Step 2: Adding a Timeline Event

Create a Timeline event inside the 2IFC event as you did in Orientation Discrimination Lesson 2. Move the two stimuli (Surround and Center) inside the Timeline, so they appear indented, as illustrated; they can be selected together and then dragged & dropped onto the Timeline.

Edit the properties of the Timeline event (select the Timeline tab if needed).

The next step is to reduce the duration of the Center stimulus and introduce an SOA (stimulus onset asynchrony) between the Surround and the Center.

Select the Center entry in the timeline table and change its duration to 0.250 seconds.

Set the Onset of the Center stimulus to 0.125 seconds (this is automatically rounded to the frame duration, for example 0.117 seconds for a 60Hz display), its Onset column to SOA, and its to column to 0: Surround.

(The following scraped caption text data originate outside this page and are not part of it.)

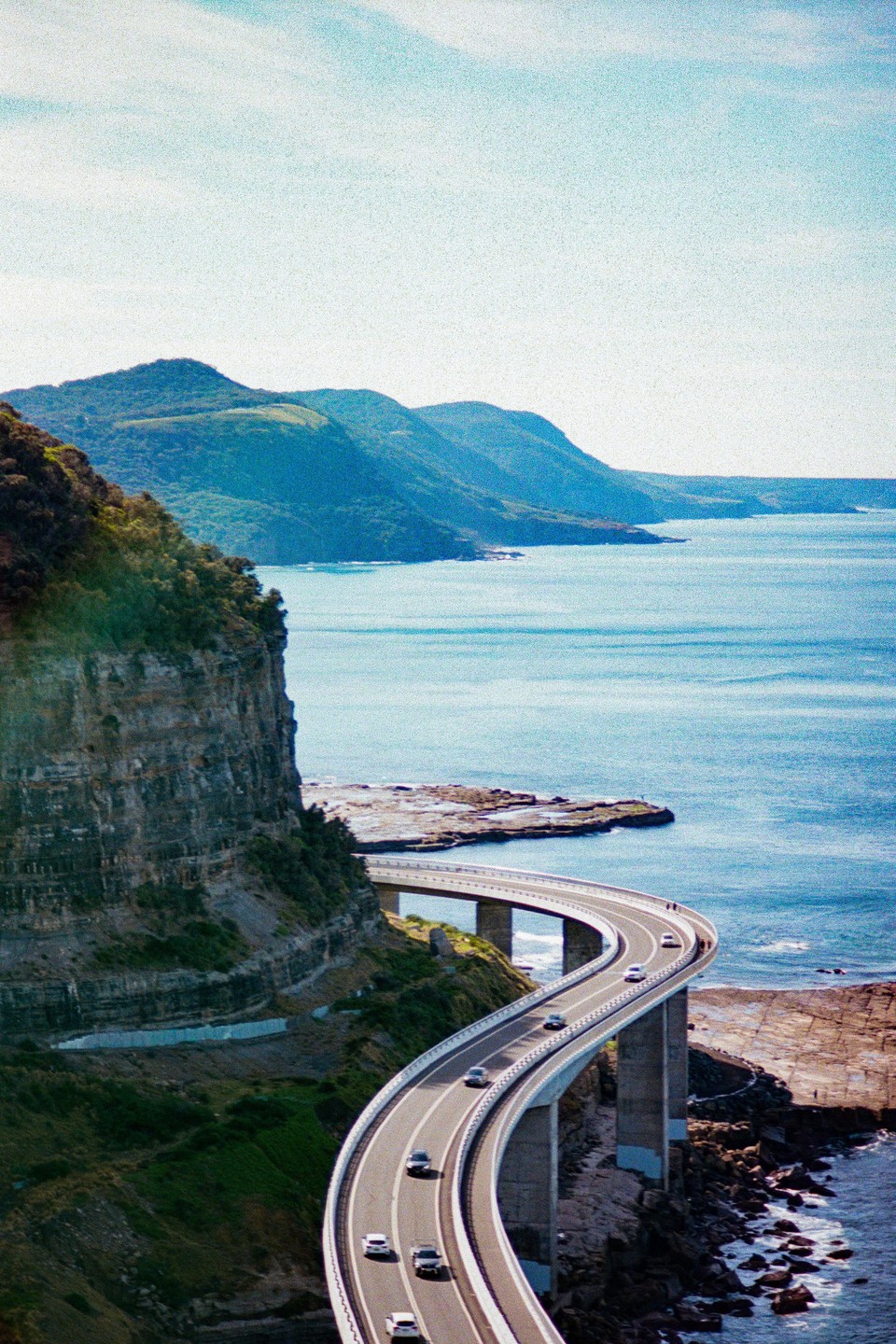 A winding coastal road with cars on it is built into a cliff face overlooking the ocean, with mountains in the distance.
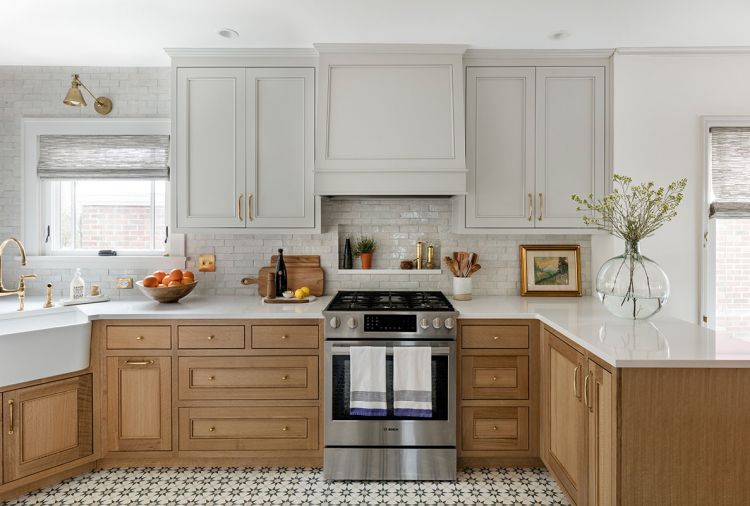 The kitchen is grounded by Cement Tile Shop flooring featuring a bold blue star pattern reminiscent of European bistros the couple had visited while abroad. Above, Superior Cabinets custom wood lower cabinets pair with uppers painted in Hidden Cove gray. Between the two, texture sparkles amidst the Clé Tile backsplash with recessed niche. Tucked beneath the Vent-A-Hood, the recessed niche keeps cooking oils off counter. Brass jewel-toned adornments include Fox Mill lighting and Rohl fixtures from Ferguson, the supplier of all Bosch appliances - range, dishwasher, and refrigerator. After informative trips to local slab stores, Erika chose easy-to-clean Cambria quartz countertops.
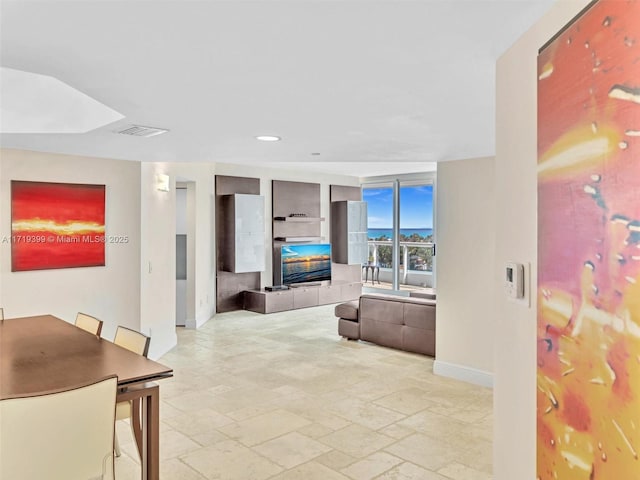 living area featuring stone tile floors, baseboards, visible vents, a fireplace, and recessed lighting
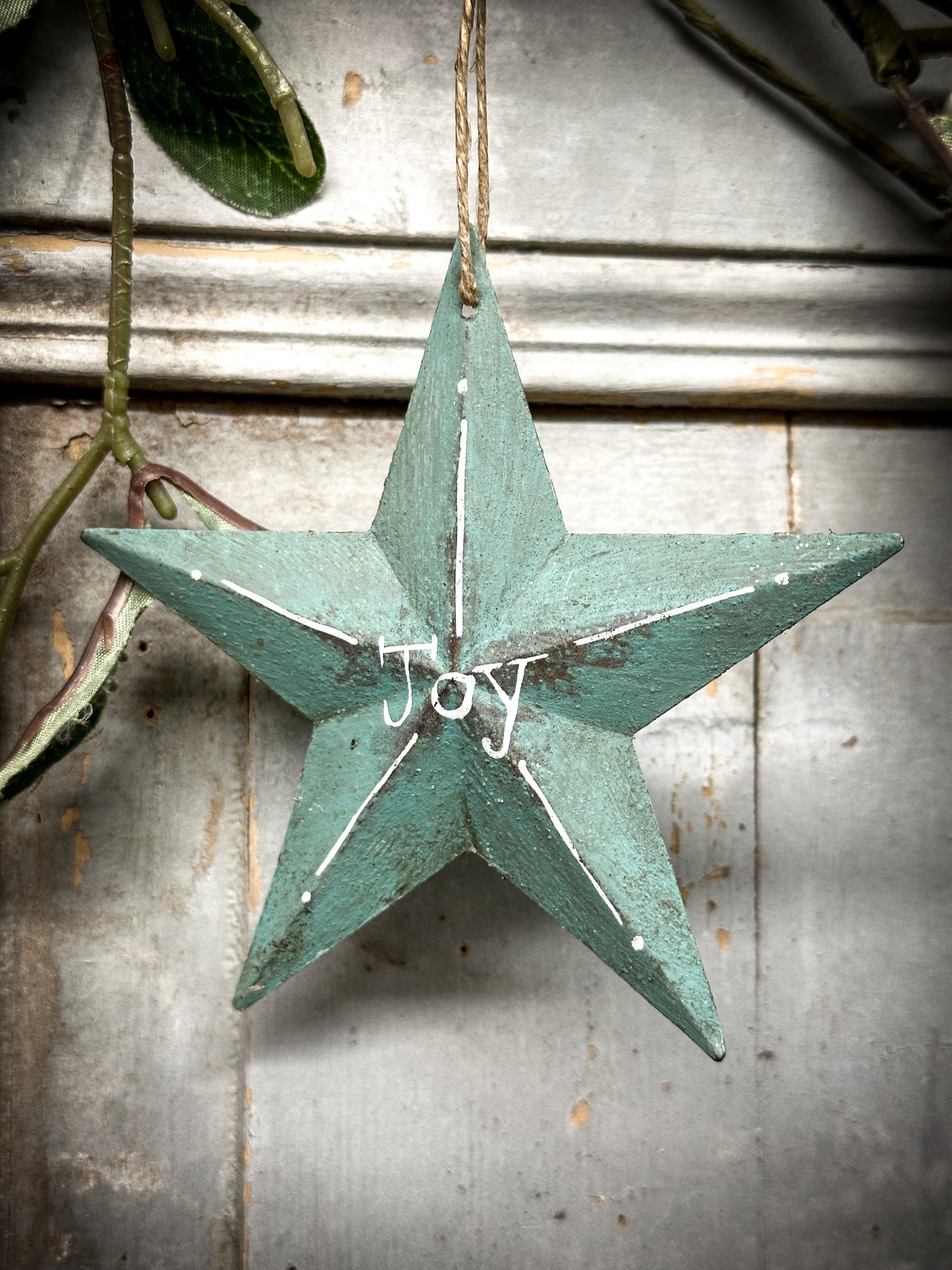 A Large Turquoise Tin Barn Star Christmas Decoration “Joy”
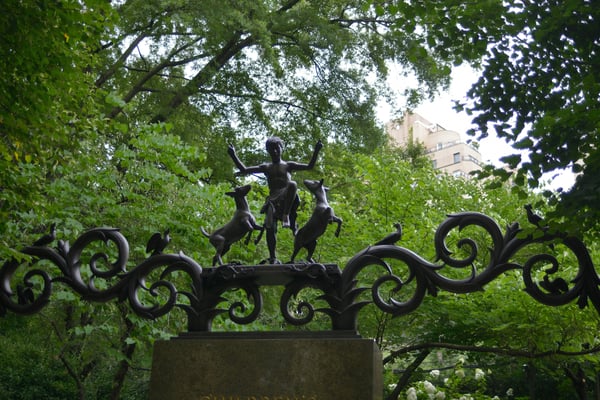 Bronze sculpture on ornate iron gate surrounded by summer foliage
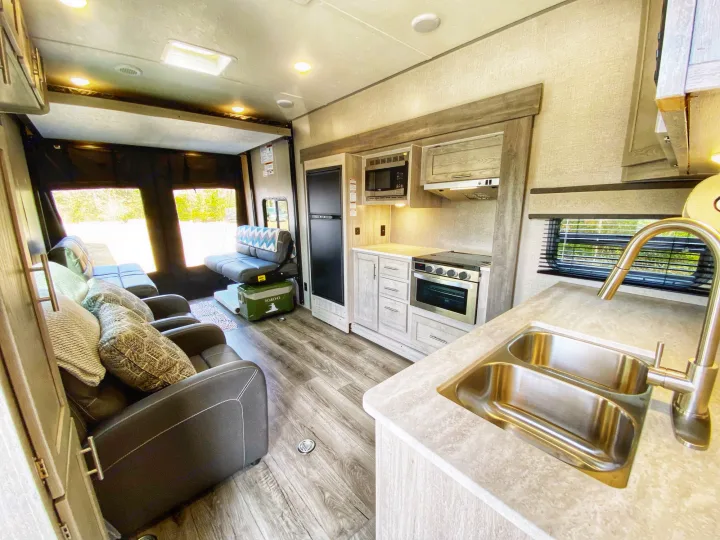 Inside a spacious RV rental: a modern kitchen with double sink, oven, and cozy living area with recliners and wood flooring.. Coachmen Catalina 2022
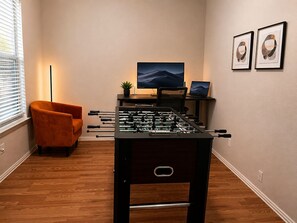 Ein Zimmer mit Kicker, einer Couch, einem Schreibtisch mit Computer und zwei gerahmten Bildern an der Wand.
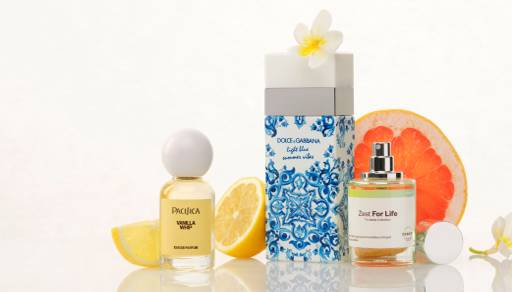 Banner of various perfumes with citrus in the background. Text: New fragrances from $14. Shop now.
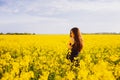 Girl hugs herself on rapeseed meadow Royalty Free Stock Photo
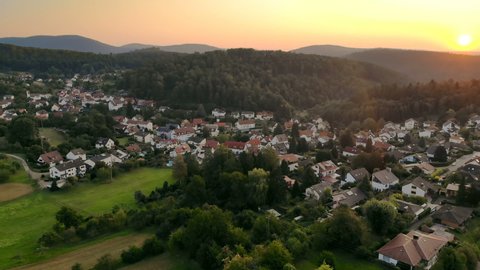 Village surrounded by beautiful hilly green landscape at a colorful sunrise, aerial footage
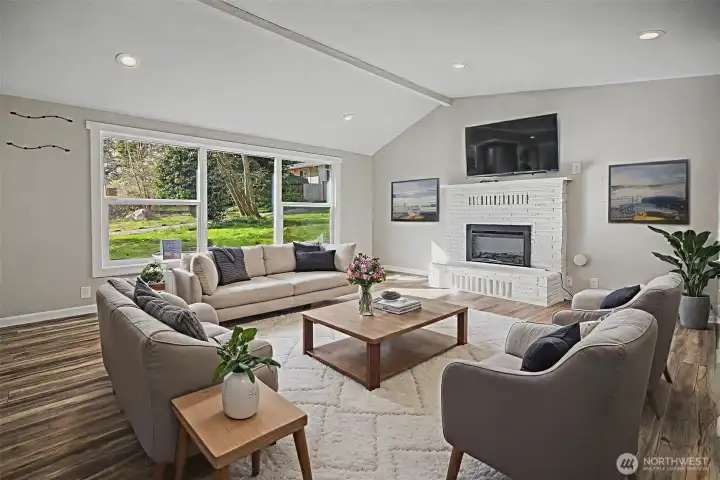 Virtually staged living room with huge windows giving off tons of natural lighting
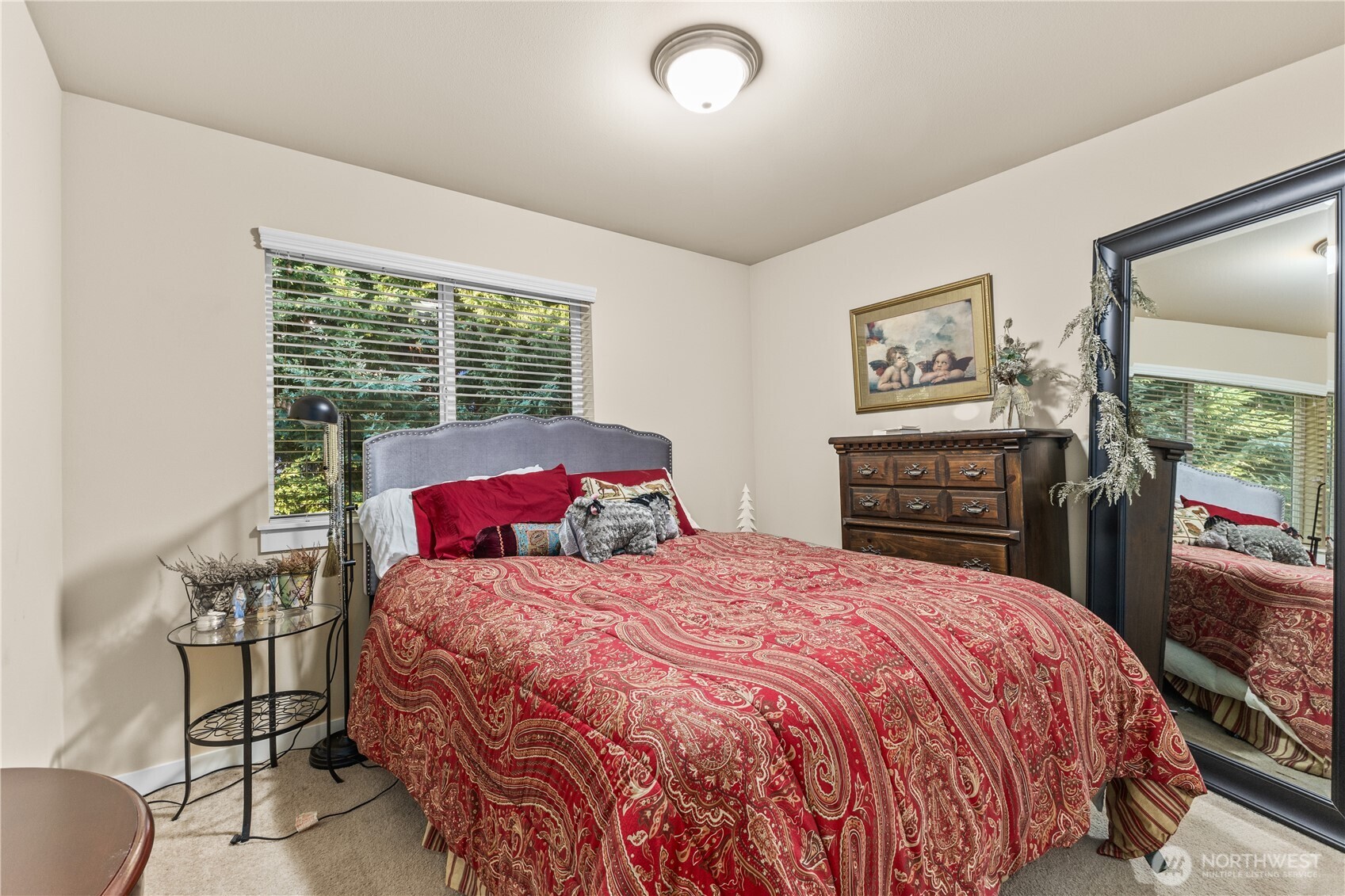 3611 232nd Street Southeast Bothell, WA 98021 - Photo 21 of 29 a bedroom with a bed and a flat screen tv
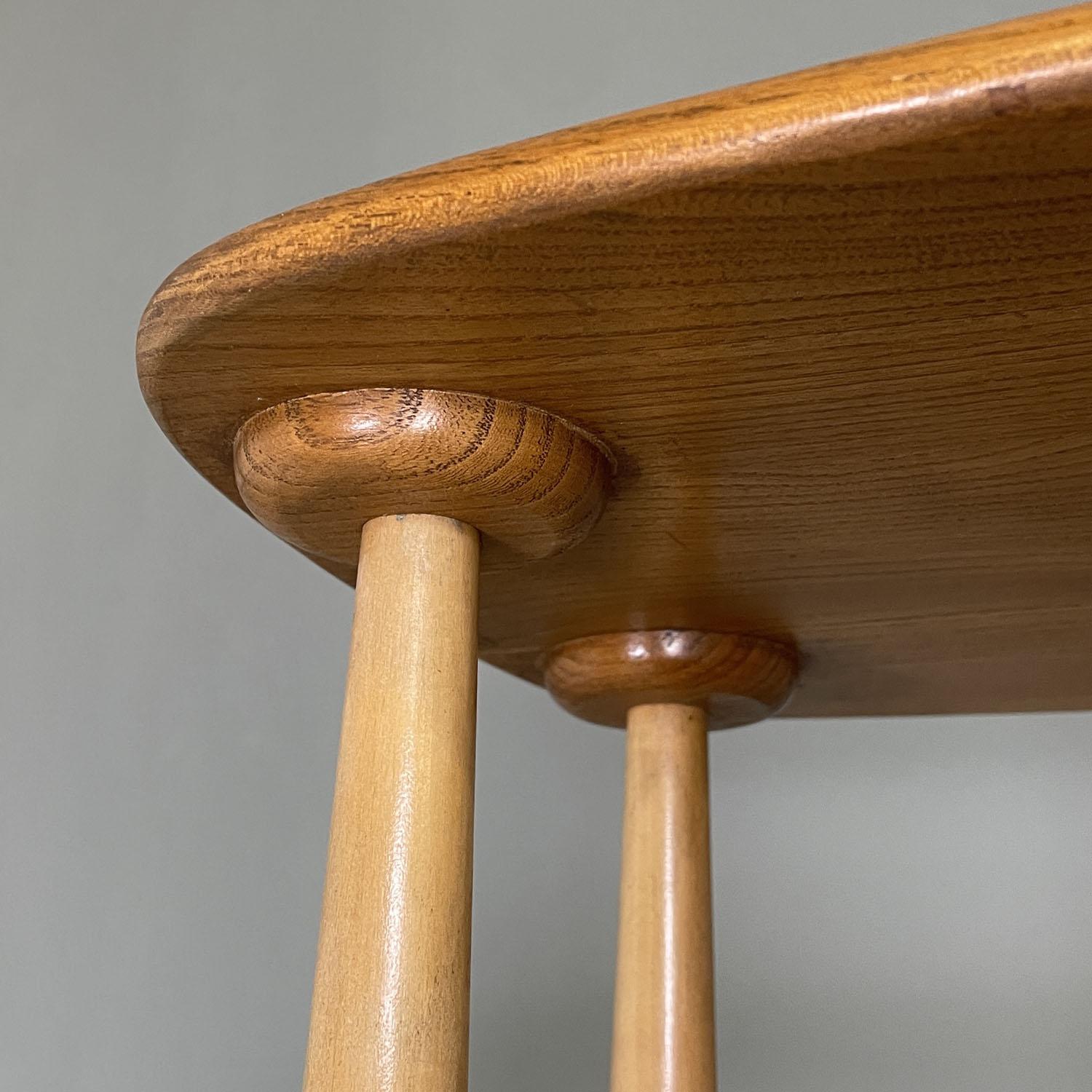 Mid-20th Century English mid-century modern light wood library with cabinet by Ercol, 1960s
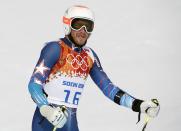 United States' Bode Miller arrives in the finish area after the first run of the men's giant slalom at the Sochi 2014 Winter Olympics, Wednesday, Feb. 19, 2014, in Krasnaya Polyana, Russia. (AP Photo/Christophe Ena)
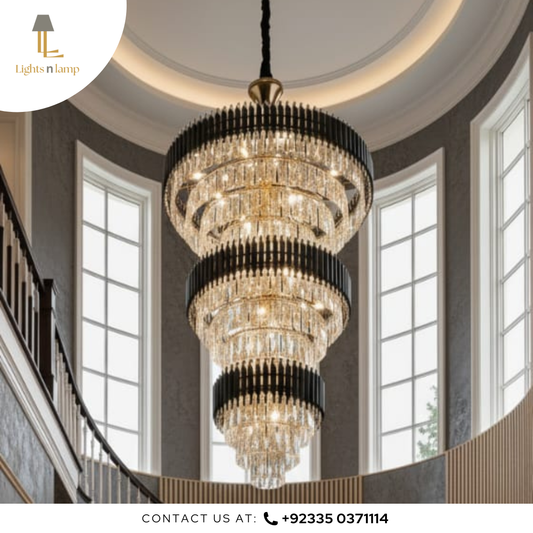 Luxurious chandelier hanging in a room with large windows and a staircase.
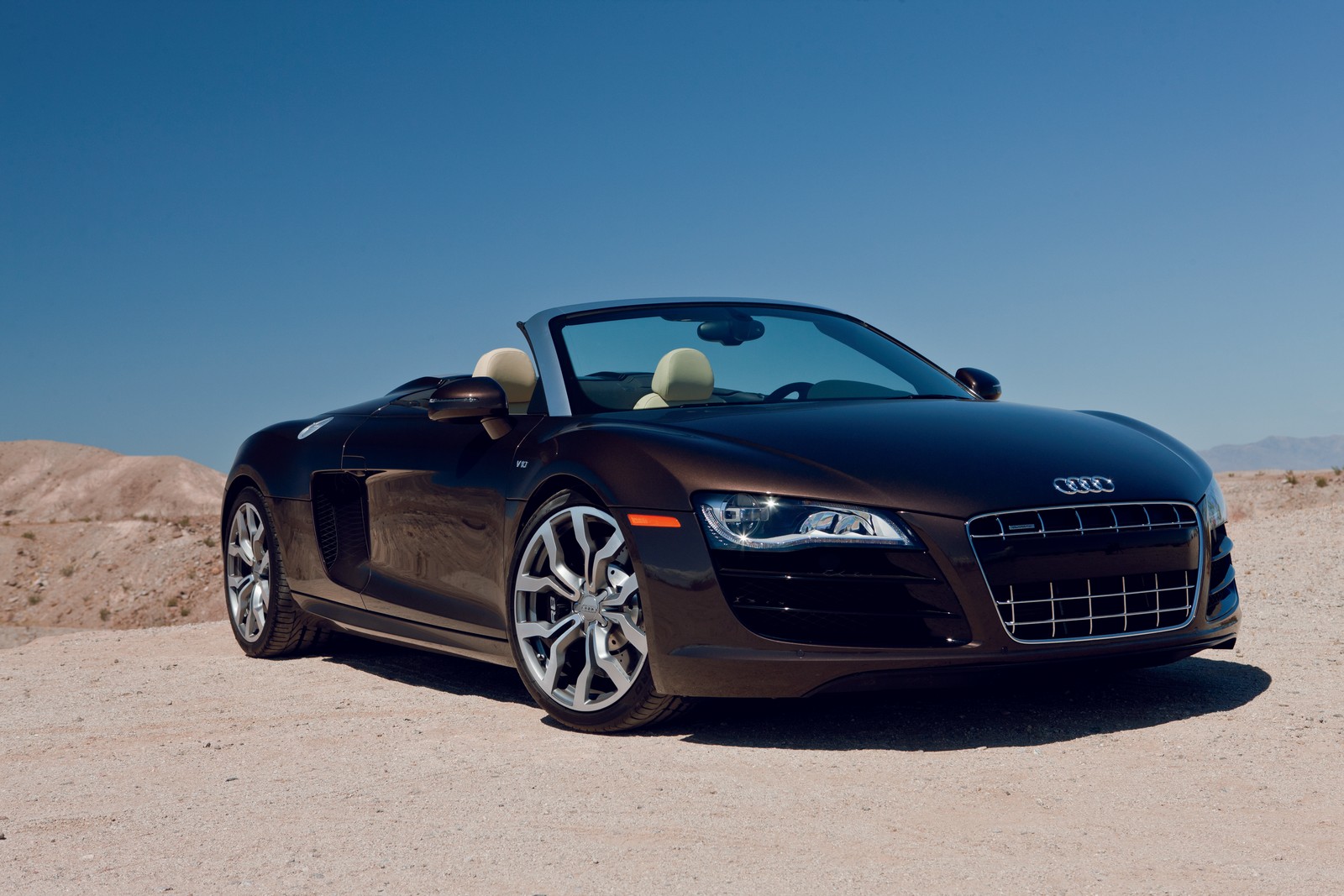 A black audi roadster parked in the desert with a blue sky (sports car, audi, car, audi r8, audi a8)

The Center timeline is now split in two, with the red zone corresponding to the SOA period relative to the Surround onset.

Click on the OK button to validate the changes.

Step 3: Blending the Center & Surround

If you ran the experiment as it is defined now, the presentation would look as shown above: a Center stimulus inscribed in a gray square superimposed onto the Surround stimulus. This is because stimuli are generated on an empty square array regardless of the geometry of their content.

The gray surrounding in the Center stimulus should be made transparent so the Surround stimulus is only occluded by the circular part of the central grating.

The gray surrounding of the Center stimulus can be made transparent using OpenGL blending.

To specify the blending options, edit the Center properties and click on the small switch icon (1) in the top right-hand corner of the panel. This opens a palette entitled Control Settings (2) which provides further settings for various aspects of the stimuli presentation.

This palette allows you to fine-tune how stimuli are rendered by the OpenGL engine during onset, offset, and rendering times. Initially, this palette displays an empty box with unchecked buttons above it.

To modify the way the stimulus is composed with the previously displayed stimuli, check the Rendering box.

The Rendering settings consist of the following:

- Texture mode
- Blending mode that specifies the composing operation (Replace by default)
- Source (the current stimulus) and destination (the already drawn stimuli) factors
- Transparency level
- Scaling and orientation to be applied on the fly by the graphics hardware.

Note that all these operations are performed by the graphics hardware and are consequently extremely fast.

Select the Transparent option from the blending mode pop-up menu.

The source and destination factors are automatically set to values that implement the transparency for the gray part of the stimulus.

Click on the OK button to validate the changes (this also closes the Control Settings palette).

Check & run the Experiment!

Shown above is what is produced with the OpenGL transparent blending set for the Center stimulus.

Conclusion

In this lesson you learned how to create an SOA between stimuli and properly combine stimuli using OpenGL blending capabilities.

In the last lesson, you will learn how to add motion & dynamics through the use of a 1st-order drifting Gabor (Lesson 5).

If you are interested in further exploring contextual effects on orientation discrimination, you may try to extend this lesson by investigating the effects of various contextual parameters, such as surround contrast, size, orientation or spatial frequency, . In that case, make sure to go through Lesson 2 of this tutorial as it shows how to configure different experimental conditions and run interleaved staircase methods.